CLEVELAND — Cyclists are running out of time to weigh in on two bike infrastructure projects in the City of Cleveland.
West 65th Street, from Denison to Herman Avenues — Feedback due by June 21
The City of Cleveland proposes a combination of “sharrows” and painted five or seven-foot bike lanes (depending on the location) running from Herman Avenue south to Denison Avenue.
Submit your feedback here.
What are cyclists already saying?
Bike advocacy non-profit Bike Cleveland is asking for a slightly different approach.
“While we appreciate that the plan includes a continuous bike lane from Denison to West Clinton, an on-street bike lane is a far cry from the 10ft off-road multipurpose trail that was in the 2013 [Transportation for Livable Communities Initiative (TLCI) program],” Bike Cleveland writes on it’s website.
Instead, Bike Cleveland proposes two-way cycle tracks, separated by a small curb for the entire length of West 65th Street. In areas where cars will be forces to drive through parts of the cycle-track, Bike Cleveland suggests the track be painted green to alert both cyclists and drivers to the intersection.
What will it connect?
This proposed work on West 65 Street will bring riders to the doorstep of Edgewater Park to the north less than 1.25 miles to the Cleveland Metropark Zoo to the south.
On the way, it will cross the busy intersection of Detroit and West 65 Street, with Blue Habanero, Brewnuts, and Gypsy Bean as well as Lorain Avenue, where the Michael Zone Recreation Center will eventually be connected to the Red Line Greenway. The Greenway will eventually provide a multi-use trail through Ohio City to the Flats, where riders can pick up the Centennial Lake Link Trail.
Union Avenue Resurfacing project — Virtual meeting on June 23
The City of Cleveland is holding a community meeting for input on a 3.2 mile resurfacing project along Union Avenue from Broadway Avenue and Kinsman Road.
The project will allow the city to repair curbs and curb ramps but proposed plans also show seven-foot painted bike lanes on each side of the street.
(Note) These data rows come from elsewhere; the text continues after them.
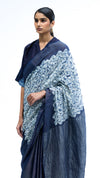 Fields between Light Saree - Indigo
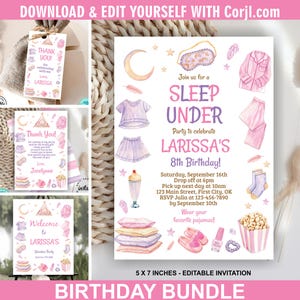 May include: A 5x7 inch editable birthday invitation bundle featuring watercolor illustrations of pajamas, a sleep mask, pillows, popcorn, and a milkshake. The text reads: Join us for a SLEEP UNDER Party to celebrate LARISSA'S 8th Birthday!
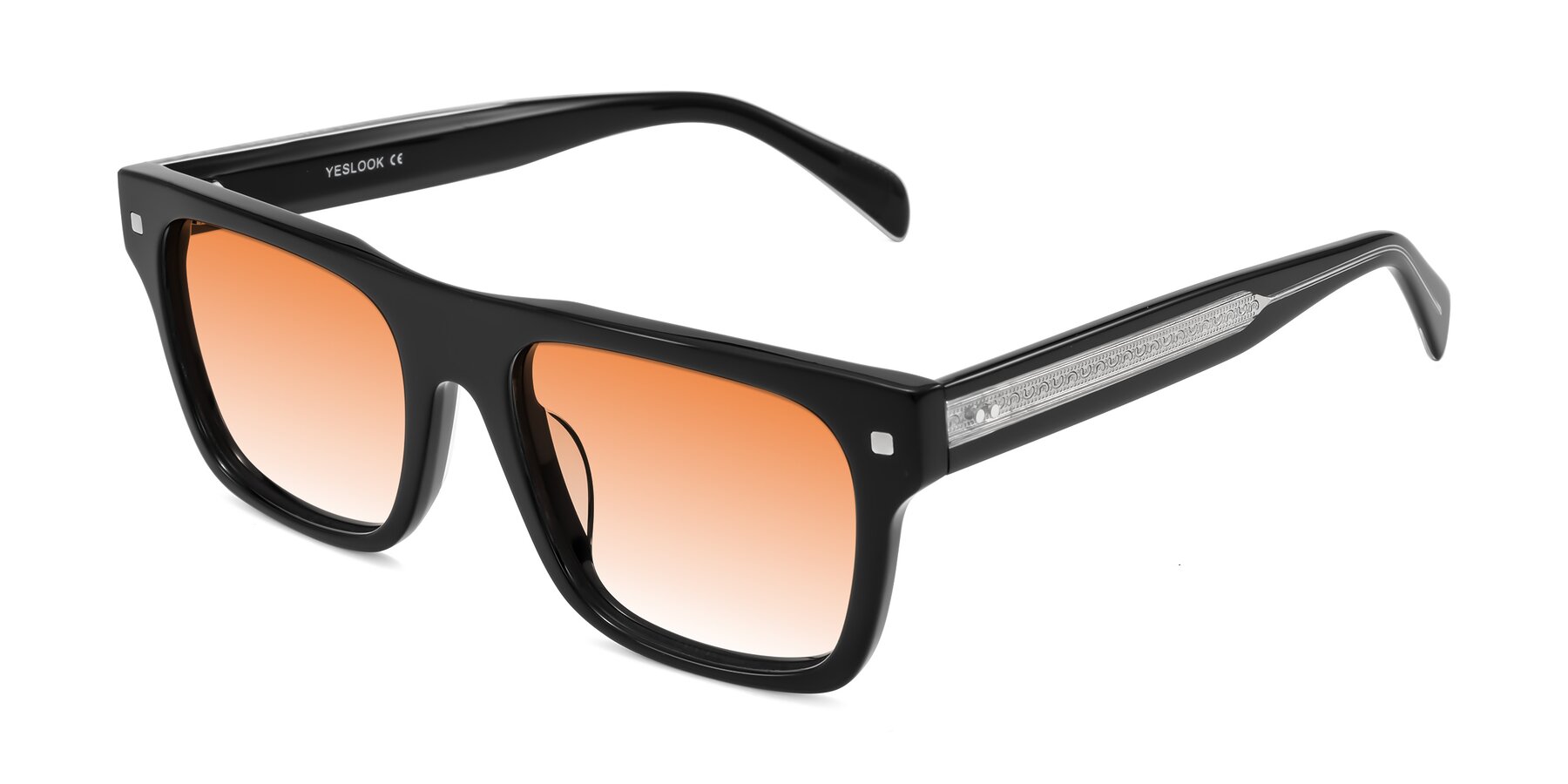 Angle of Emas in Black with Orange Gradient Lenses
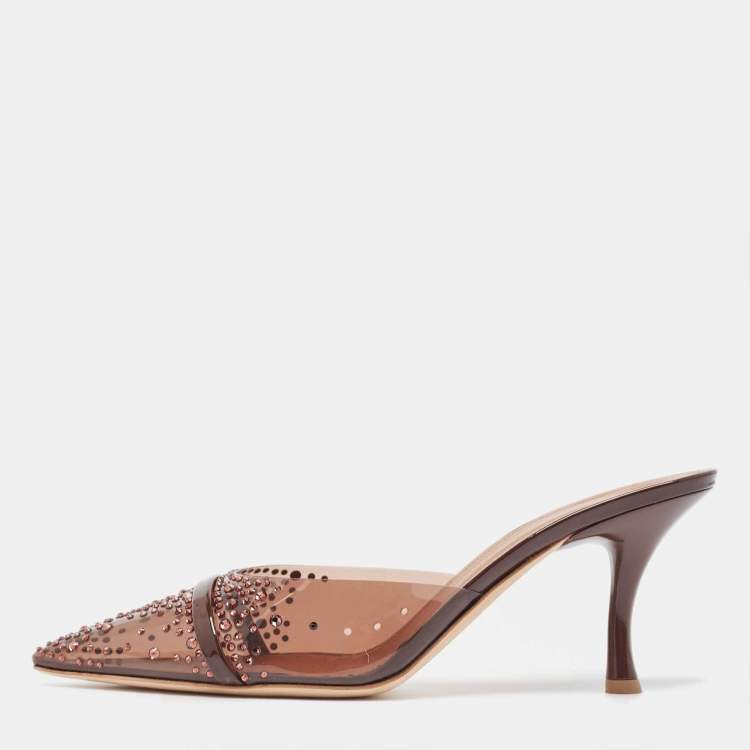 Pre Owned Malone Souliers Brown Crystal Embellished PVC Joella Mules Size 41.5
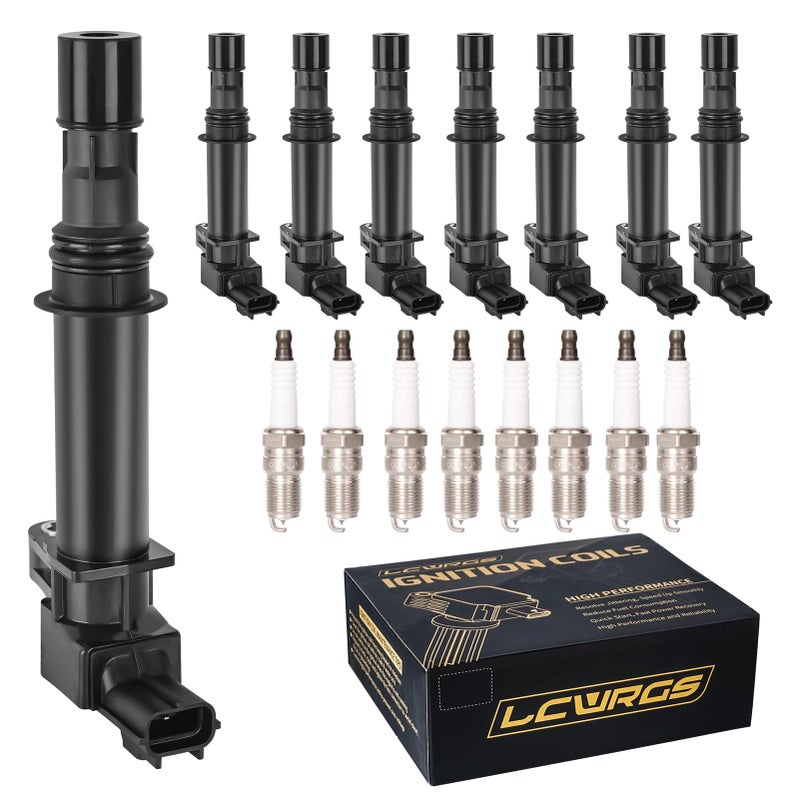 Set of 8 Ignition Coil Pack and Spark Plugs Fits for 2000 2001 2002 2003 2004 2005 2006 2007 Dodge Durango Ram 1500 Dakota Jeep Grand Cherokee 47 V8 Replaces UF270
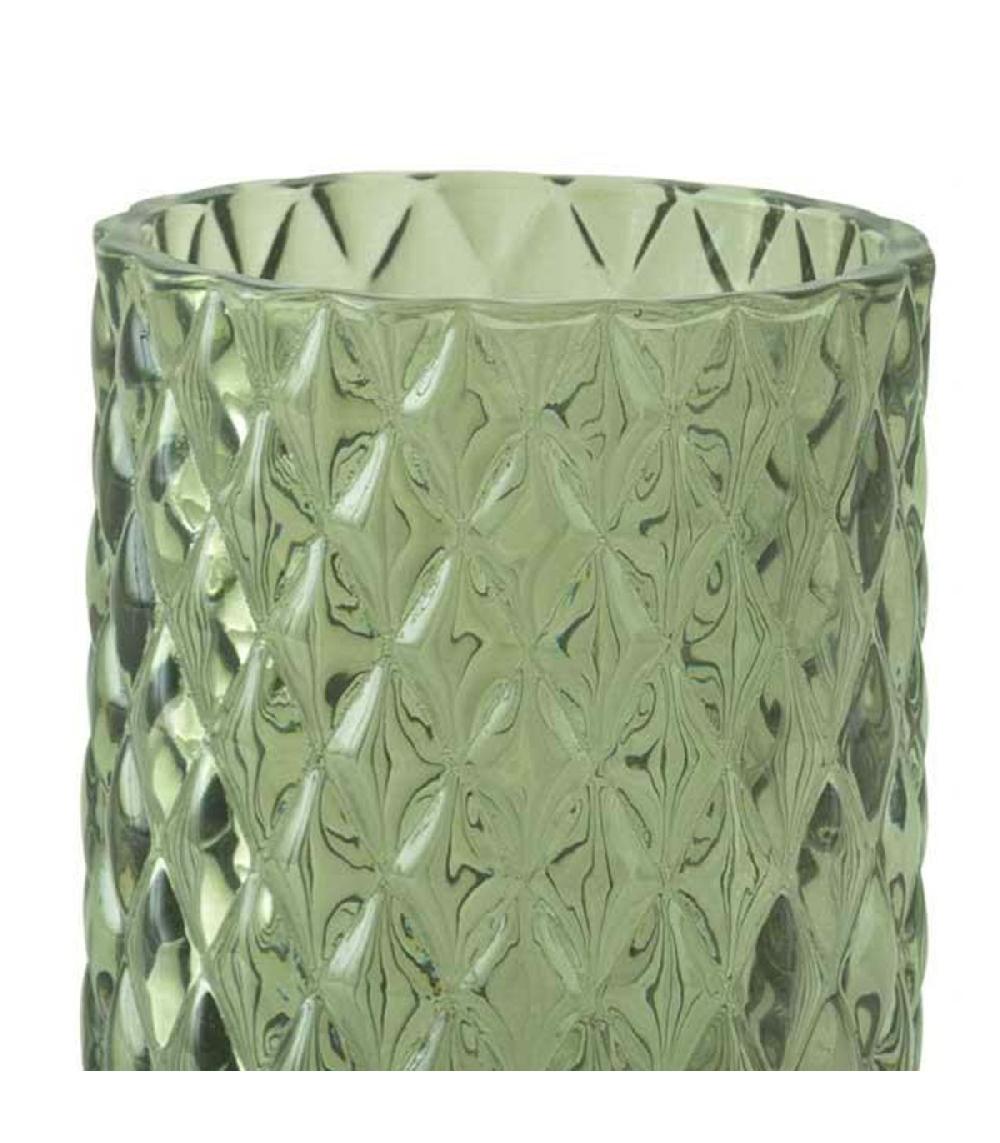 Wadiga Porte Brosse à Dents En Verre Diamant Vert 7.5x7.5x10.5cm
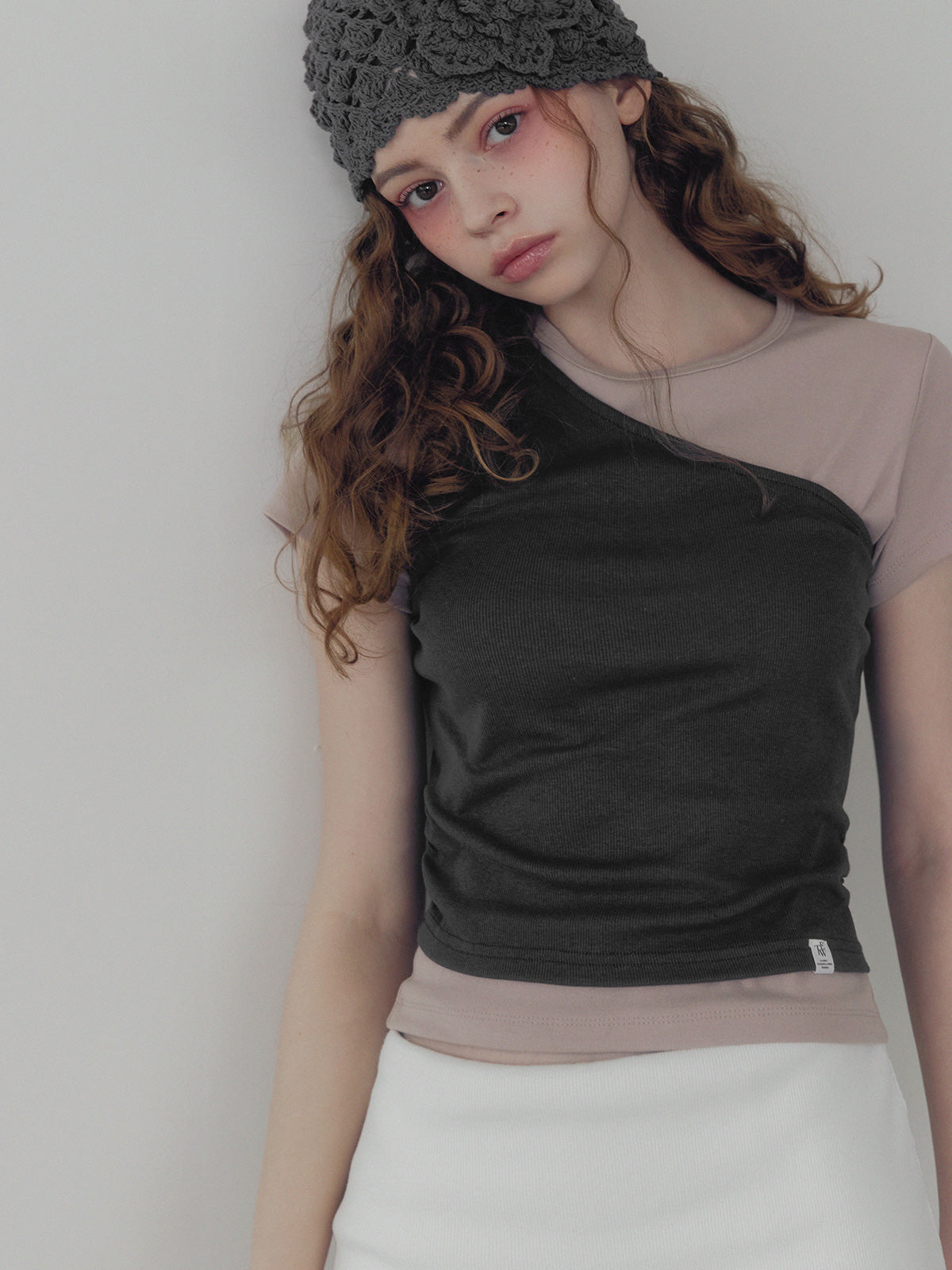 [TWEE] Cellon shirring one-shoulder sleeveless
Right now, there are two lanes of traffic and no painted bike lanes.
What are cyclists already saying?
Bike Cleveland proposes taking one foot from each driving lane and painted bike lane to create a two-foot buffer zone, potentially with plastic posts to create slightly more protection for cyclists.
“Reducing the bike lane width to 6 feet, and use the extra space to create a 2 foot painted buffer. Plastic posts between motor vehicle traffic and bike traffic can be added in the 2 foot buffer space,” Bike Cleveland writes on it’s website.
The meeting will be on WebEx Tuesday, June 23rd, 2020 at 6:00 p.m here.
Scooters are back!
The City of Cleveland announced Monday that e-scooters and other shared mobility devices would be allowed back into the city this weekend.
The City says there were more than 213,000 rides during the six-month trial period.
Rides will now be allowed from 5 a.m. until 9 p.m. and the devices will be allowed to travel up to 15 miles per hour. Before, rides were only allowed from 7 a.m. until 7 p.m. and they were limited to 12 mph.
Cleveland is requiring companies to sanitize the devices any time employees interact with them and riders are encouraged to wash their hands before and after rides and wipe down all parts of the device that they touch.
Bird is offering free rides for healthcare workers and emergency personnel.
Bird is also offering a “Warm Up” mode, making it slightly easier for first-timers to ride.
Bike-share in Cleveland
The formerly-UHBike share program is supposed to relaunch soon as well with updated bikes now maintained by a company called HOPR.
Requests for information about a new title sponsor for the program have gone unanswered.